Fabiane mora ali desde que nasceu. Foi onde viveu sua avó, sua mãe, e é onde cria os filhos de 19 e 21 anos de idade. Ela tem a história do lugar na ponta da língua.
— Esse é o nosso lugar de pertencimento, onde a gente socializa, onde faz as festas. É um mundo dentro de Porto Alegre.
Um dos berços do samba da cidade, o Areal segue imerso no Carnaval de rua da Capital, por meio do projeto cultural Areal do Futuro, onde crianças da comunidade têm aulas de percussão e dança. A moradora mais antiga dali assiste da janela da sua casa, a última da ruela sem saída, com paredes e esquadrias brancas.

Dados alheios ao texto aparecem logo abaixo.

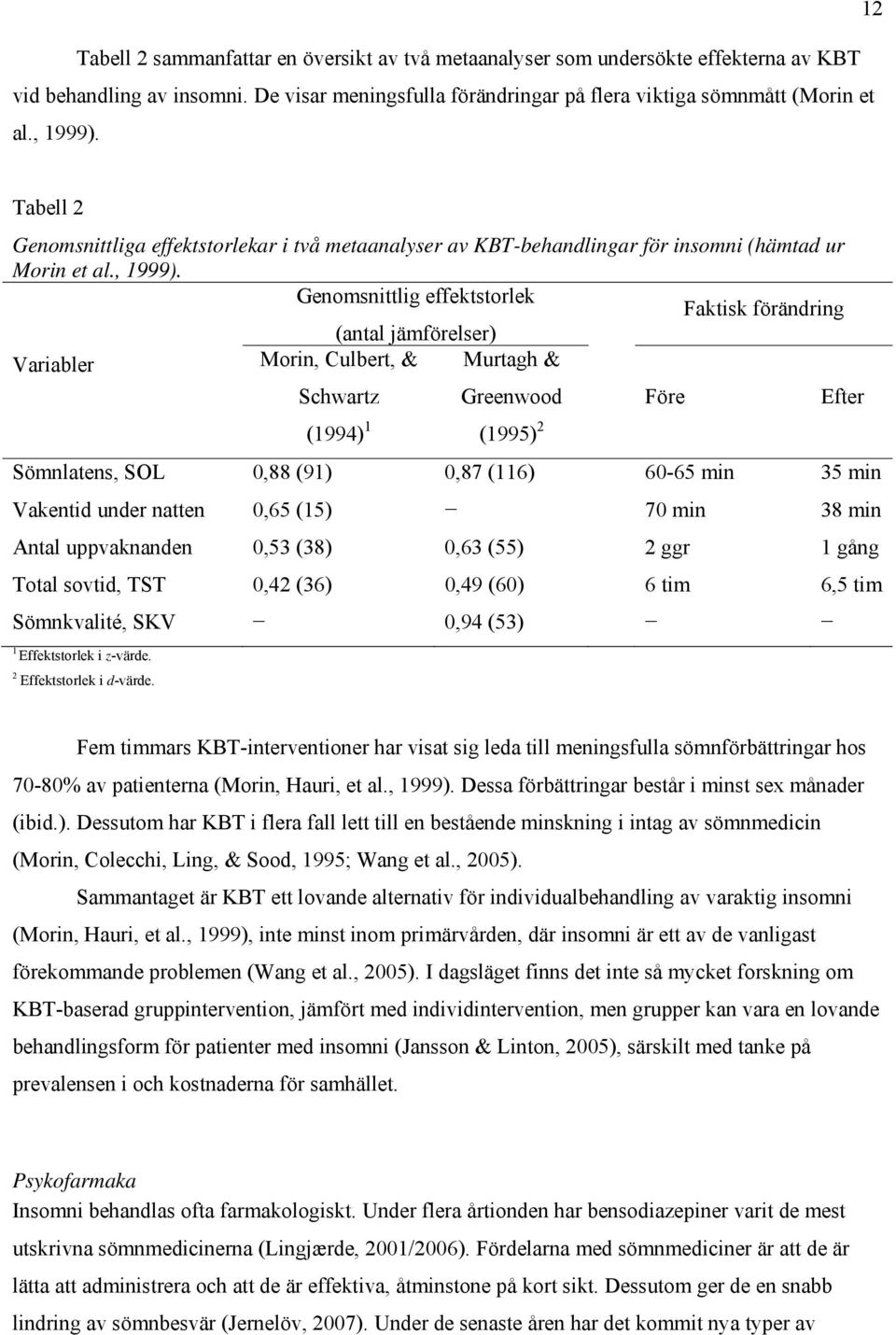 Genomsnittlig effektstorlek Faktisk förändring (antal jämförelser) Variabler Morin, Culbert, & Schwartz Murtagh & Greenwood (1994) 1 (1995) 2 Sömnlatens, SOL 0,88 (91) 0,87 (116) 60-65 min 35 min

— Eu adoro o Arealzinho — diz Olga Silveira Gonçalves, 90 anos, com um sorrisão.
As idosas do bairro se envolvem de uma forma diferente, por meio do artesanato. Eunice da Silva Soares, 76 anos, pinta quadros, faz bolsas e bonecas africanas de materiais reciclados. Ela já teve tela sua até na Bienal do Mercosul — em 2018, o quilombo urbano foi convidado a participar da mostra internacional de arte contemporânea.
— Teve obra minha que foi pros Estados Unidos! — gaba-se a auxiliar de serviços gerais aposentada.
Mas a mais valiosa das suas criações, ela não vende, nem se for em dólar. Nice pintou para uma amiga ali da Luiz Guaranha, uma líder comunitária que faleceu antes do quadro ficar pronto. Ilustra as lavadeiras do Areal que usavam as águas ainda limpas do Dilúvio há mais de cem anos. Se emociona ao mostrar a tela para a repórter.
Eunice mora no Areal da Baronesa há pelo menos 40 anos. Destaca que ali todos se conhecem, todos se ajudam.
— Eu não quero morar em outro lugar.